Non seulement on ne trouve aucune trace de cette interprétation dans la Constitution, mais cette thèse ne prend pas en considération l’ensemble des violences subies par les peuples autochtones tout au long de l’histoire du pays. Sans oublier que, jusqu’à la fin de la dictature militaire, les peuples autochtones étaient sous tutelle de la Fondation nationale des peuples autochtones (Funai) et auparavant sous celle du Service de protection des Indiens (SPI), ce qui ne leur laissait aucun moyen de faire valoir leurs droits devant les tribunaux.

L’analyse juridique souligne également que, dans la mesure où il s’agit de droits humains et de droits fondamentaux des peuples autochtones, l’article 231 de la Constitution est une disposition très robuste qui ne peut être modifiée. Cette position est également celle que défend le juge Edson Fachin, rapporteur du STF sur les territoires indigènes de l’État de Santa Catarina, qui va statuer sur ce seuil temporel et dont l’avis s’étendra à toutes les terres autochtones du pays. C’est aussi celle que défendent les peuples autochtones et les partisans de leur cause, qui attendent que la thèse du Seuil temporel soit définitivement rejetée.
L’affaire que le STF va juger concerne une demande de dépossession du peuple autochtone Xokleng du territoire Ibirama-Laklãnõ qu’il occupe, dans l’État de la Santa Catarina, au prétexte de la thèse du seuil temporel. La procédure, en cours depuis 2019, a pris une dimension nationale, car le STF a décidé que son jugement vaudra sur le fond pour tous les cas similaires concernant les peuples autochtones du Brésil. Deux ans plus tard, en juin 2021, six mille personnes et des dirigeants de 170 peuples autochtones de tout le pays se sont rendus à Brasília, la capitale fédérale, pour suivre le début du procès de ce conflit, érigeant pour l’occasion le camp « Debout pour la terre ». Ce fut la plus grande mobilisation autochtone depuis l’adoption de la Constitution. Plusieurs peuples autochtones s’organisent pour être présents à Brasília à l’occasion de la reprise du procès.

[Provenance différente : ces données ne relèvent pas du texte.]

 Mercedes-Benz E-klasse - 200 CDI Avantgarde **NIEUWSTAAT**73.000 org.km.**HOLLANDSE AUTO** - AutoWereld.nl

À ce stade, les intentions de vote du STF indiquent un ballotage : si le rapporteur Edson Fachin a pris position contre le seuil temporel, le 9 septembre 2021, le magistrat Nunes Marques - nommé par le gouvernement Bolsonaro - a défendu un vote en faveur. Le procès est paralysé depuis le 15 septembre 2021, lorsque le juge Alexandre de Moraes en a demandé la suspension.

Pour compléter le tableau des actions en cours, le Conseil national des droits de l’homme (CNDH) vient de solliciter du procureur général de l’Union (AGU) qu’il révoquer l’avis 001/2017 « anti-démarcation » - et qu’il inverse la position tenue par l’instance sous le gouvernement Bolsonaro à propos de ce procès.

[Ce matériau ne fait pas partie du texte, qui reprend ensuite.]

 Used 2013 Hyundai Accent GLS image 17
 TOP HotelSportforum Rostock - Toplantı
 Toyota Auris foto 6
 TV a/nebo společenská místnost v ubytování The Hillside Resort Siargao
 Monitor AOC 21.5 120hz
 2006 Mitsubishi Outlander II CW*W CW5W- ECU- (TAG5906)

L’avis, par ailleurs suspendu par le STF, est un autre instrument visant à rendre impraticable, de fait, la démarcation des terres autochtones. Car il stipule, de manière inconstitutionnelle, que l’ensemble de l’administration publique fédérale adopte des restrictions à la démarcation des terres autochtones. Ainsi, les arguments utilisés pour la délimitation du territoire Raposa Serra do Sol (État du Roraima) découlaient précisément de la thèse du seuil temporel.

Voir en ligne : Maioria dos deputados federais insiste em inviabilizar demarcação de terras indígenas por meio de projeto de lei

Crédit photo : Marina Oliveira/Cimi
Ato simbólico denuncia a agenda anti-indígena do governo federal e do Congresso Nacional, em 2021.
Acte symbolique dénonçant l’agenda anti-autochtone du gouvernement fédéral et du Congrès National (chambre des députés au niveau fédéral), en 2021

[1Le front parlementaire ruraliste est le plus important et le mieux organisé. Il est actuellement composé de 251 députés (sur 513) et 31 sénateurs (sur 81) soit près de la moitié des membres du Congrès. Très organisé, il défend les intérêts de l’agrobusiness. Son poids et son efficacité expliquent la rapidité avec laquelle il a pu faire passer à la Chambre des députés ses deux grands projets (démarcation des terres indigènes et disparition du ministère de l’environnement et du changement climatique).